At one point during the often heated debate on Republican state Rep. James White’s House Bill 583, another lawmaker took people testifying in support of the bill to task. State Rep. Jarvis Johnson took issue with arguments that tearing the markers down amounts to erasing history. Johnson said Confederate monuments are particularly harmful to people of color.

“Because you guys want to continue to talk about history, should we erect a statue that demonstrated how slaves were disciplined?” asked Johnson, a Houston Democrat. “We want to teach, so should we erect a statue with slaves hanging from a tree? Should we erect a monument that demonstrates Indians being mutilated and run out of their land?

“No, we’re not going to celebrate that. That’s vile.”

The bill from White of Hillister would allow whichever government has jurisdiction to alter any monuments — if they are less than 20 years old. If it’s a city or county monument that’s been up between 20 and 40 years, then it could only be altered, relocated or destroyed if voters approve. If it’s a state monument that’s been up between 20 or 40 years, changing it would require a majority vote of the Legislature. And if it’s a monument erected more than 40 years ago, it couldn’t be altered, moved, relocated, renamed or destroyed, the lawmaker said.

Several Confederate monuments in the state are more than 40 years old. But before the hearing, White told The Texas Tribune that his bill was simply about “getting some order moving forward.”

“It’s not just Confederate statues that would be caught up in this,” he said. “This could also help out on gentrification.

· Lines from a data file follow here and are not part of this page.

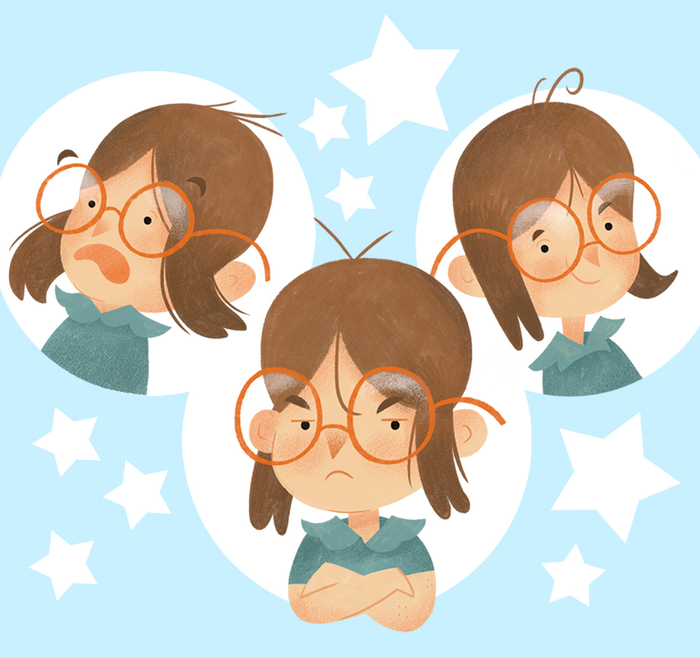 Эмоции Лили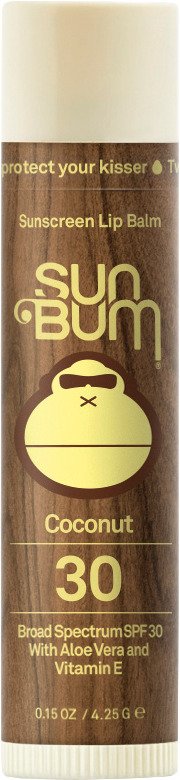 Sun Bum 0.15 oz. SPF 30 Coconut Lip Balm | Academy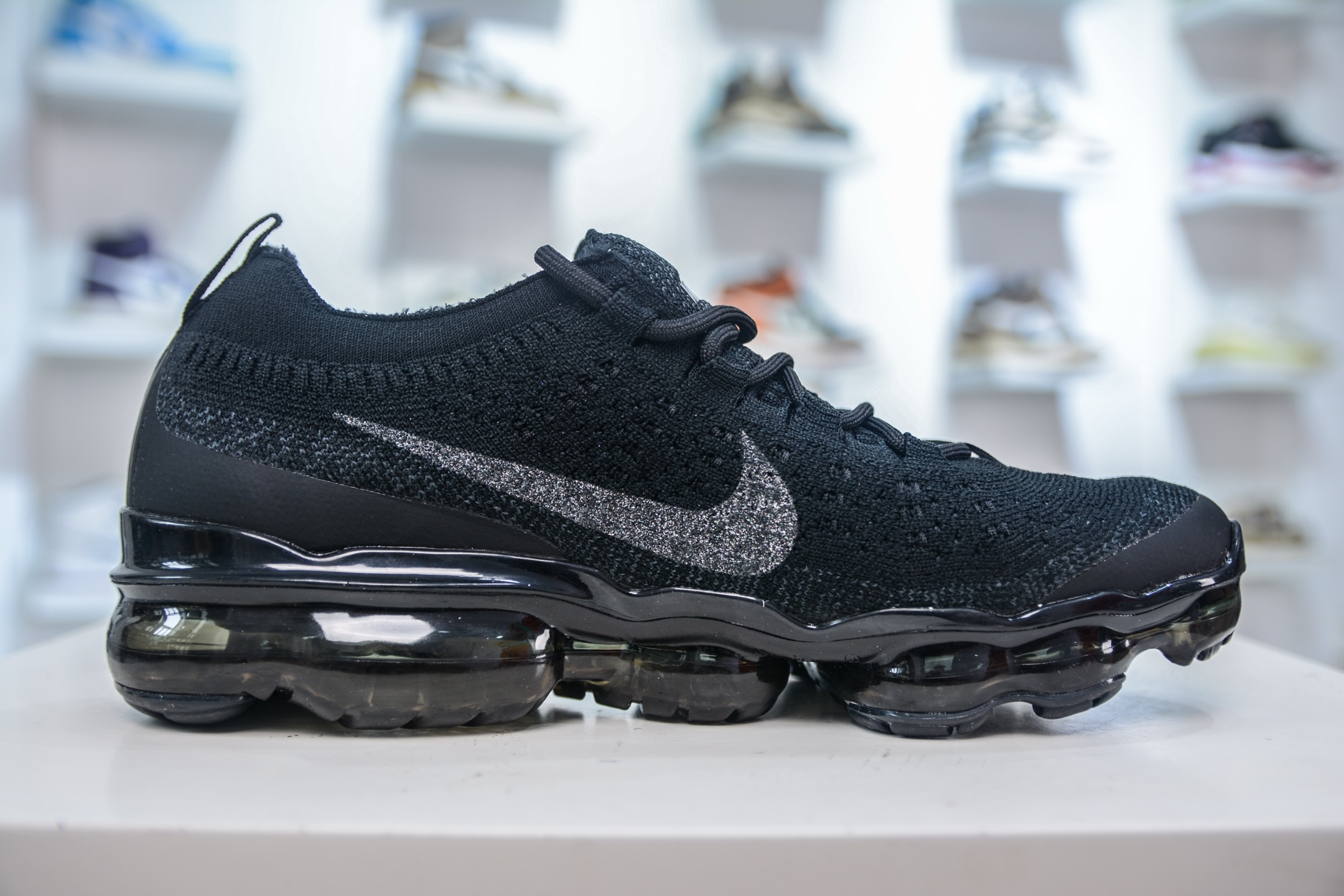 NK Air Vapormax 2023 全掌长气垫缓震网布低帮跑步鞋 DV1678-003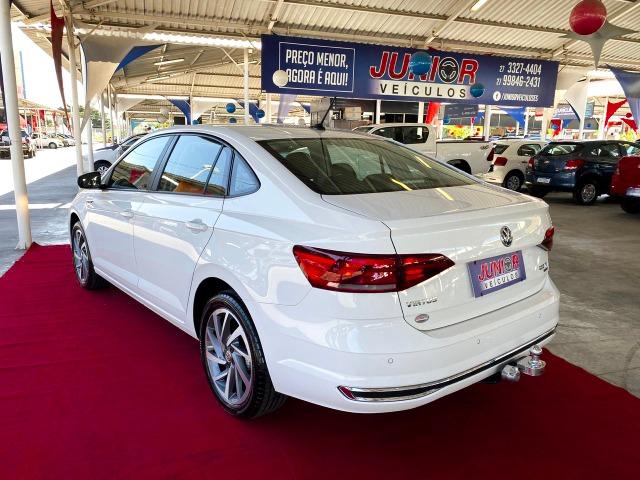 VW- Virtus Highline 200 TSI 1.0 Turbo Top Igual A Zero Km Apenas 4.000 Km - Foto 3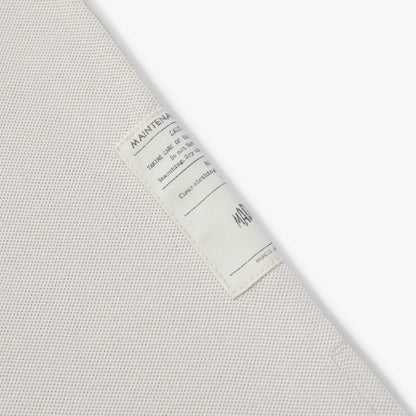 MADNESS OVERSIZE ESSENTIAL PIQUE POLO-CREAM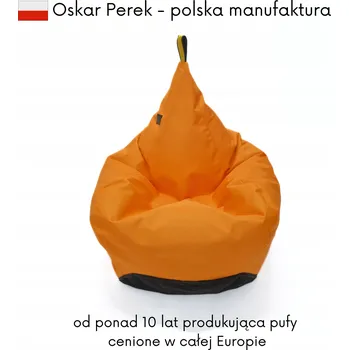Taburet Taburet vak oranžový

You go into these historical old Hispanic or black communities undergoing transition through gentrification and they may have plaques or monuments and buildings of yesteryear they want to keep up, so this could possibly help them, too.”

Tuesday’s debate came months after a state board that oversees the Texas Capitol grounds voted unanimously to remove a controversial Confederate plaque that falsely asserted the Civil War was “not a rebellion, nor was its underlying cause to sustain slavery.” It also came on the heels of efforts by a conservative nonprofit known as the Conservative Response Team to press state leaders to move legislation — including White’s — protecting Confederate monuments while cities across the state grapple with whether to take such markers down.

The group recently unveiled a half-minute online ad urging viewers to call House Speaker Dennis Bonnen, while another tells them to contact Lt. Gov. Dan Patrick.

More than a dozen people who came to testify on White’s bill did so in favor of the legislation. And while White’s bill is not meant to solely apply to Confederate monuments, many who spoke Tuesday did so hoping to protect such landmarks.

Daniel Miller with the Texas Nationalist Movement, which says its mission is to secure and protect the political, cultural and economic independence of the nation of Texas, said said that his godmother was a Holocaust survivor and, because of her, he learned how to say in German the phrase, “I will not forget.”

“Imagine what would happen if some politician decided they wanted to contextualize the history of World War II and the Holocaust and their solution was to tear down Auschwitz? I can’t fathom what the outrage would be,” he said. “But somehow, someway, we find folks out there who believe there are parts of our history that are so objectionable that we have to tear down monuments as if somehow forgetting these things is the most important thing.”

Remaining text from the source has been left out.